Economic theory says that wages will rise to bring supply in line with increasing demand. But the emphasis that educators place on a college degree has created a powerful cultural barrier: Manual labor is not cool. For example, the National Association of Manufacturers in nationwide focus groups with young adults found they have "a hostile, negative stereotype" of manufacturing jobs as "dark and dirty and dead-end and dangerous," said Phyllis Eisen, vice president.
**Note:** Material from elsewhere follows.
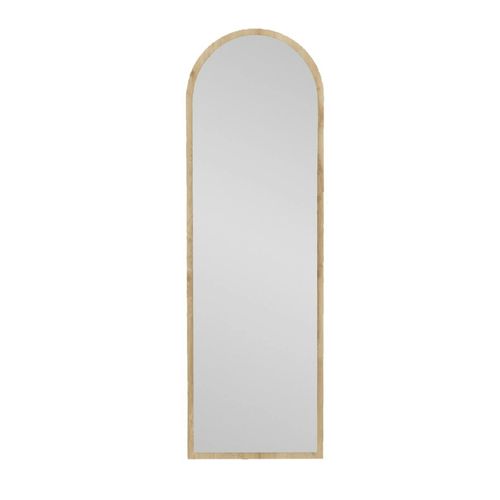 Miroir Plein Pied Moderne Ovale Effet Bois Clair, 160 Cm Cody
After technical or on-the-job training, blue-collar workers with skills can earn at least $20 an hour. Experienced manufacturing workers can earn double that, with benefits. And good pay is often available much earlier in a skilled worker's career. But earnings over a working lifetime are unlikely to grow as much as a college graduate's salary, which may start out low but has more upside potential as they move up the corporate ladder. While an experienced, top-notch mechanic might make $70,000 a year, a top manager's salary can go into six figures.

There is one under appreciated advantage to skilled work: stable employment.
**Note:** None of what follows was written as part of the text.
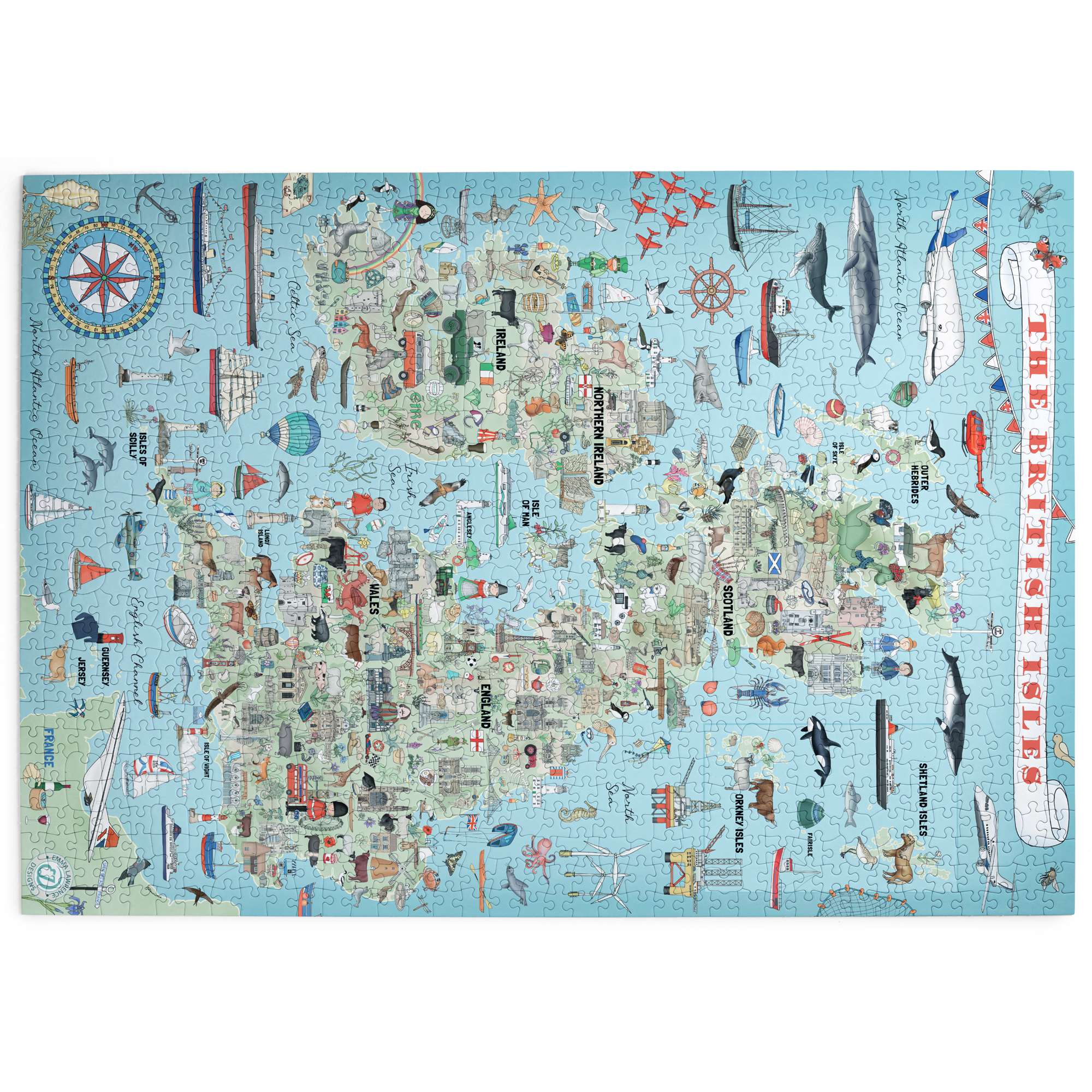 house-of-puzzles-the-british-isles-puzzle-1000-pi-ces-carte image 2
"A goof mechanic could get a job anywhere in the world," said Chermesino's boss at Direct Tire, Barry Steingberg.

Richard Leger, owner of Greaves Electric Co., in Needham, is so desperate to hire electricians he hangs signs at homes where crews are working; "Employment Opportunities Available." He looks for young people with a work ethic - they are not easy to find - he can train as apprentices. Leger, who is 33, believes he can explain the shortage: "Today's video game playing youth are not shown that there is manual labor required in the world."

One of his employees, Jerry McLaughlin, held a dead-end job in an electrical-supply warehouse when Leger, a friend of McLaughlin's cousin, called him about a job. McLaughlin, 27, joined Leger's firm six years ago and apprenticed with the boss.
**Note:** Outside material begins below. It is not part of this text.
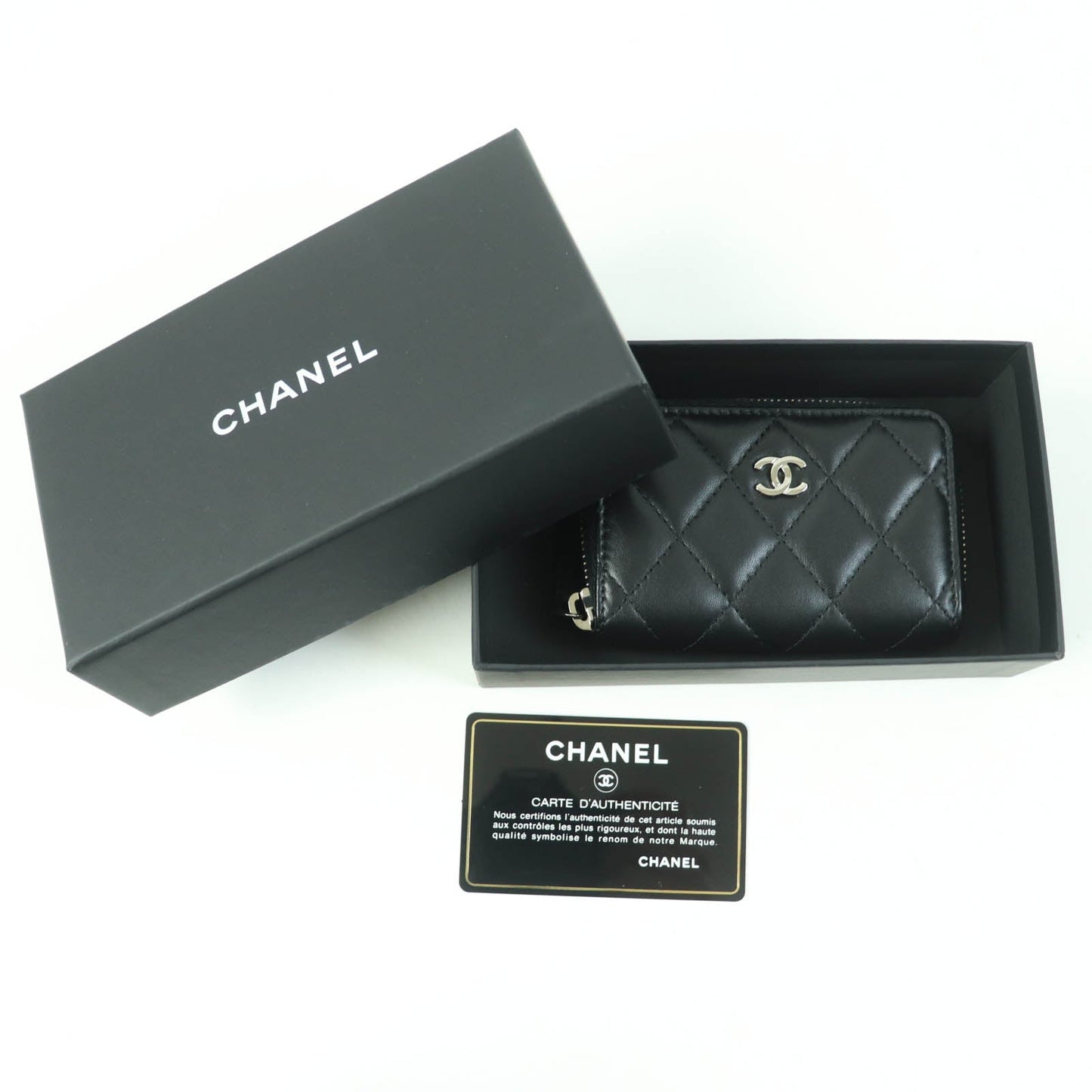 CHANEL Coin case AP0216 Main: Lambskin black Women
The son of an auto mechanic and grocery store cashier, McLaughlin's high school classmates in Newton all seemed college bound. He struggled with college before finding a niche as an electrician, which presents challenges with each assignment.

College "was just the thing everyone was doing, and as far as I know that was how you made money," he said. "I think people still kind of look down on the blue-collar crowd."

Steinberg at Direct Tire resorted to a headhunter, a practice usually reserved for the white collar world to find 11 automotive technicians over the years.

"They're almost as difficult to get as brain surgeons," he said.